▶ Task to complete
Copy out the data word for word. The images are not part of the copy.

***** Provided entries

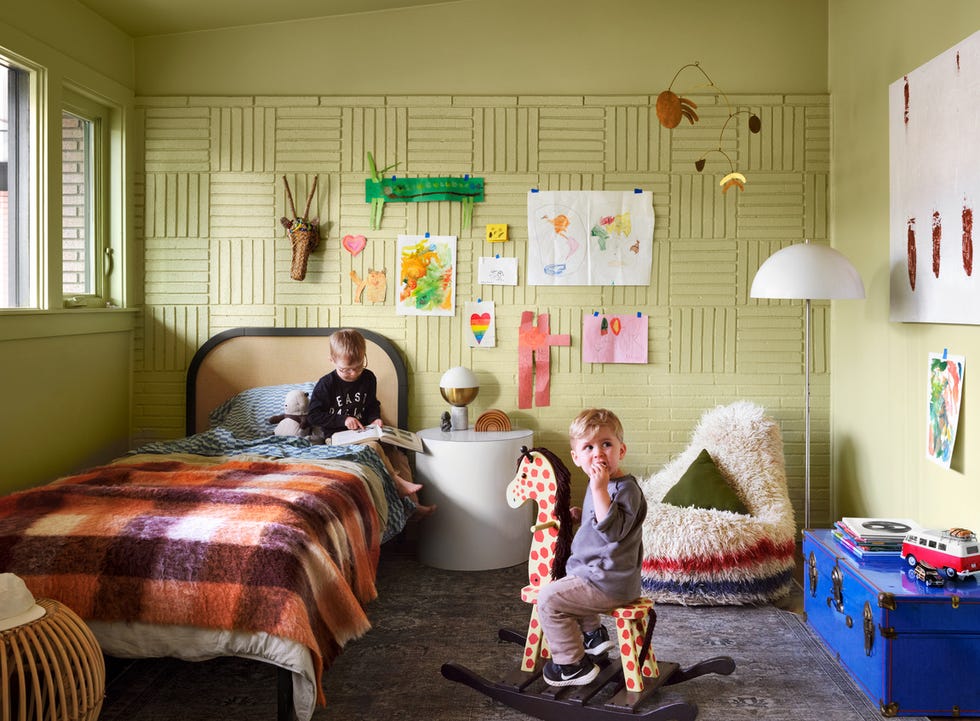 Ashley Maddox's sons in a bedroom in her Waco, Texas, home.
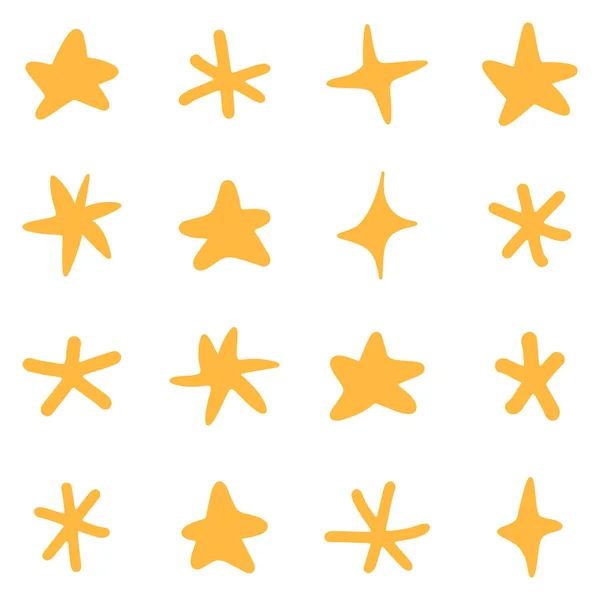 Ikona Hvězdy Sada Žlutých Ikon Hvězd Vektorová Ilustrace Různé Tvary — Stockový vektor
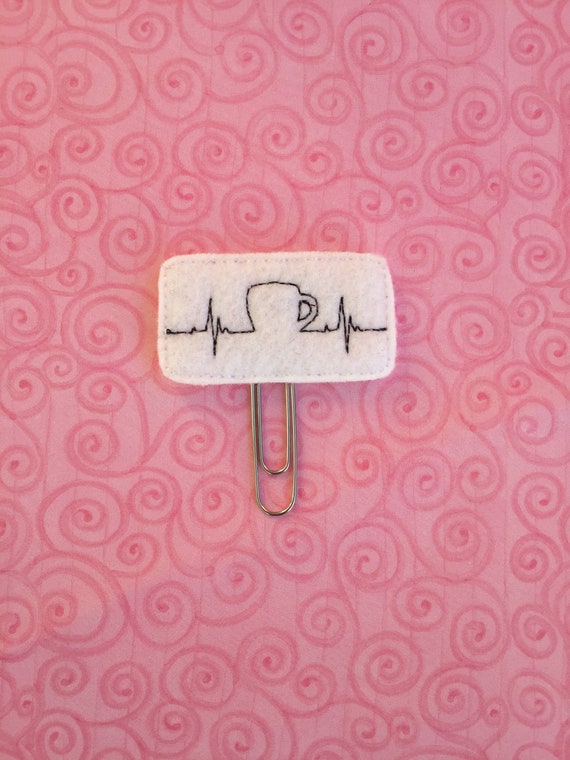 EKG Coffee Clip/Planner Clip/Bookmark. Coffee Planner Clip. EKG Planner Clip. Heartbeat Planner Clip. Caffeine Planner Clip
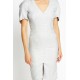 Light Grey Front Slit Designer Dress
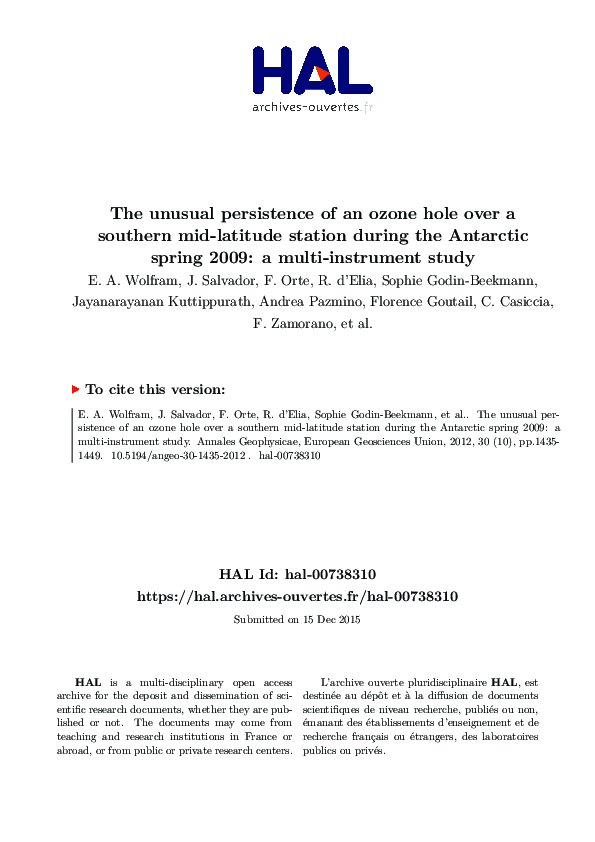 (PDF) The unusual persistence of an ozone hole over a southern mid ...
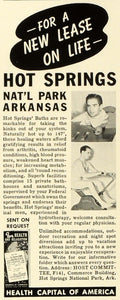 1941 Ad Hot Springs National Park Arkansas FDA Sanatorium Health Medical FZ5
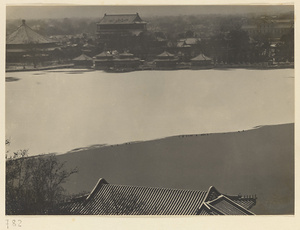 Northwest shore of Beihai Lake showing Guanyin dian, Wu long ting, and Rulaifo dian seen from Qiong Island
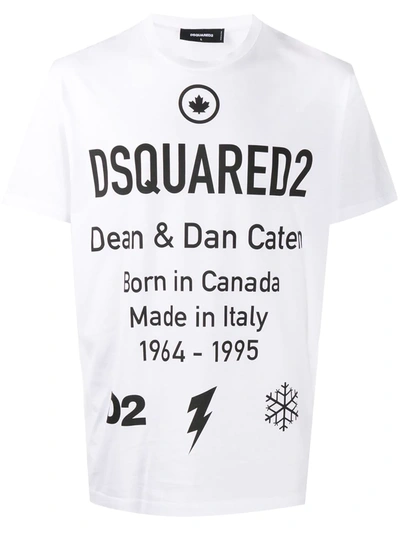 Dsquared2 Slogan Print Short-sleeve T-shirt In White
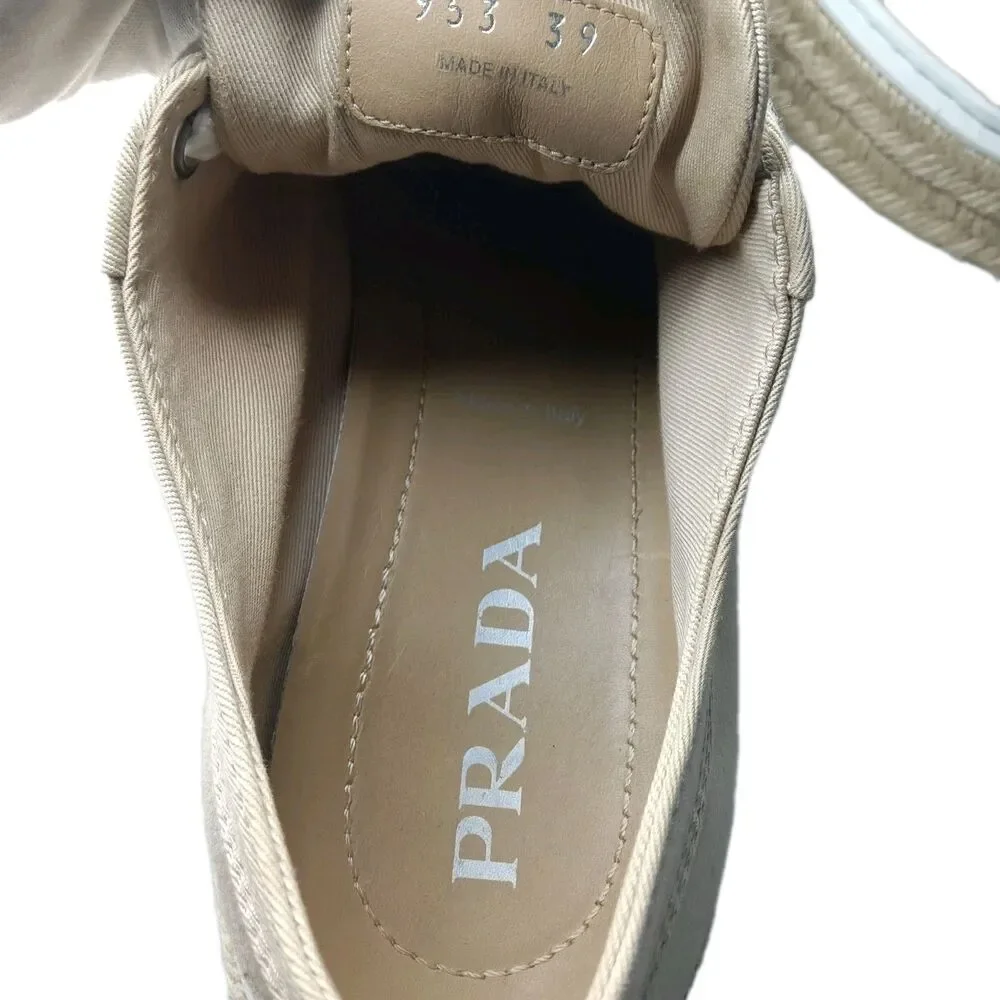 Prada Espadrilles Platform Shoes Beige Canvas  Sneakers Women's Size 39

**********

▶ Final answer
 Ashley Maddox's sons in a bedroom in her Waco, Texas, home.
 Ikona Hvězdy Sada Žlutých Ikon Hvězd Vektorová Ilustrace Různé Tvary — Stockový vektor
 EKG Coffee Clip/Planner Clip/Bookmark. Coffee Planner Clip. EKG Planner Clip. Heartbeat Planner Clip. Caffeine Planner Clip
 Light Grey Front Slit Designer Dress
 (PDF) The unusual persistence of an ozone hole over a southern mid ...
 1941 Ad Hot Springs National Park Arkansas FDA Sanatorium Health Medical FZ5
 Northwest shore of Beihai Lake showing Guanyin dian, Wu long ting, and Rulaifo dian seen from Qiong Island
 Dsquared2 Slogan Print Short-sleeve T-shirt In White
 Prada Espadrilles Platform Shoes Beige Canvas  Sneakers Women's Size 39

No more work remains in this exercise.